WHAT IS REQUIRED
Give the records below again, word for word. No pictures belong in the copy.

[[ PROVIDED DATA, beginning ]]

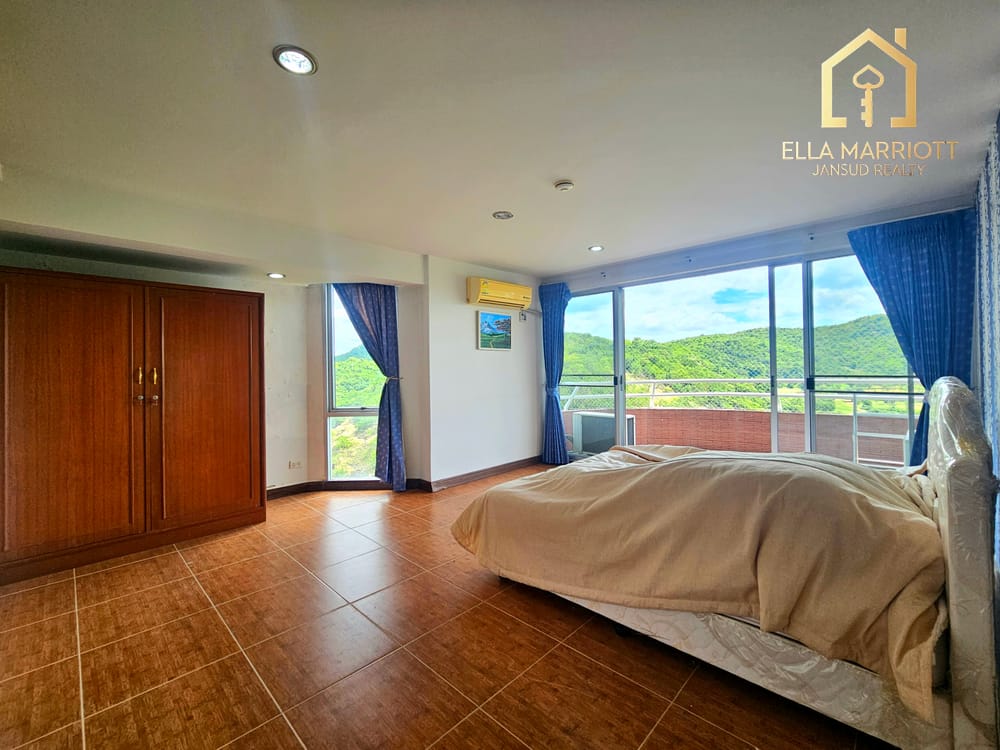 Beachfront 3-Bedroom Condo for Sale in Hua Hin South - 24/7 Security 41
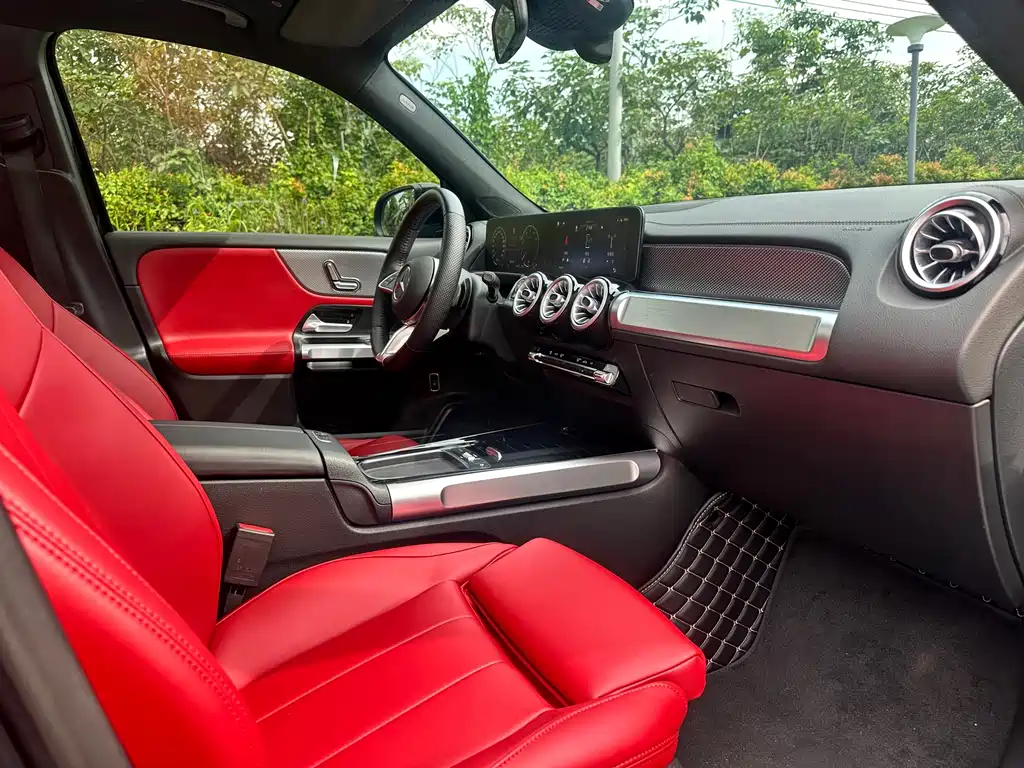 Mercedes-Benz GLB — миниатюра 8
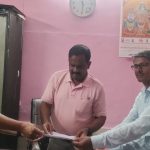 Read more about the article ଶିକ୍ଷାବିଭାଗ କିରାଣୀଙ୍କ ବିରୋଧରେ ଶିକ୍ଷକସଂଘ ଦେଲେ ସ୍ମାରକପତ୍ର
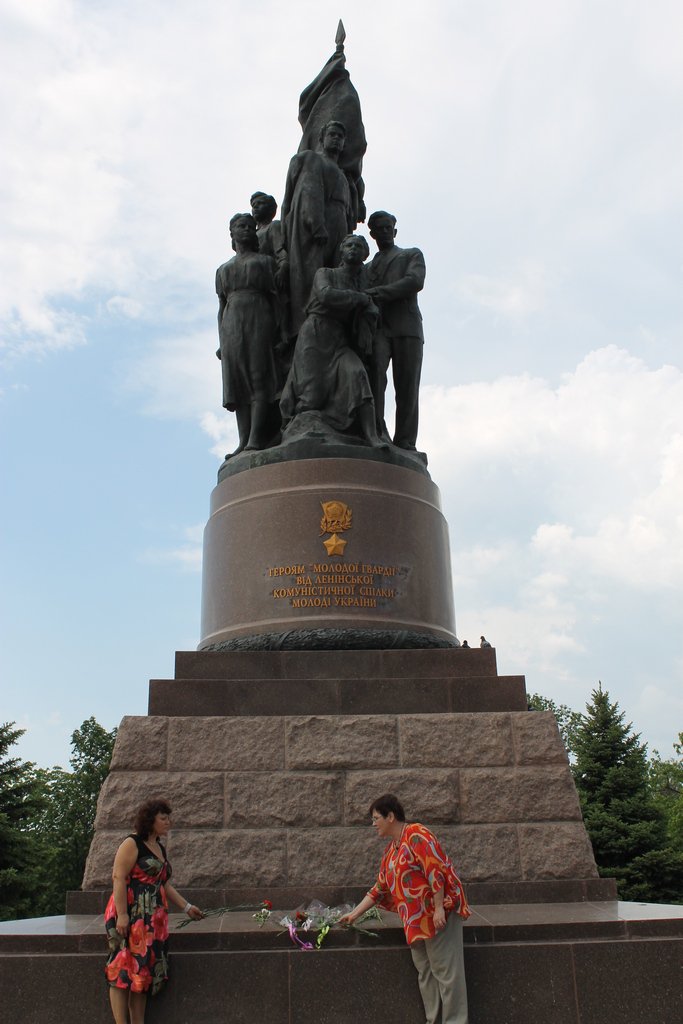 Армия ЛНР - духовные наследники героев Краснодона Армия ЛНР - духовные наследники героев Краснодона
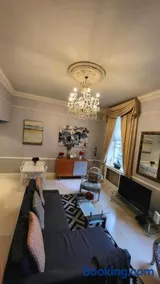 City Centre Georgian Style Apartment - Image 2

[[ PROVIDED DATA, end ]]

ANSWER FOR THE TASK
 Beachfront 3-Bedroom Condo for Sale in Hua Hin South - 24/7 Security 41
 Mercedes-Benz GLB — миниатюра 8
 Read more about the article ଶିକ୍ଷାବିଭାଗ କିରାଣୀଙ୍କ ବିରୋଧରେ ଶିକ୍ଷକସଂଘ ଦେଲେ ସ୍ମାରକପତ୍ର
 Армия ЛНР - духовные наследники героев Краснодона Армия ЛНР - духовные наследники героев Краснодона
 City Centre Georgian Style Apartment - Image 2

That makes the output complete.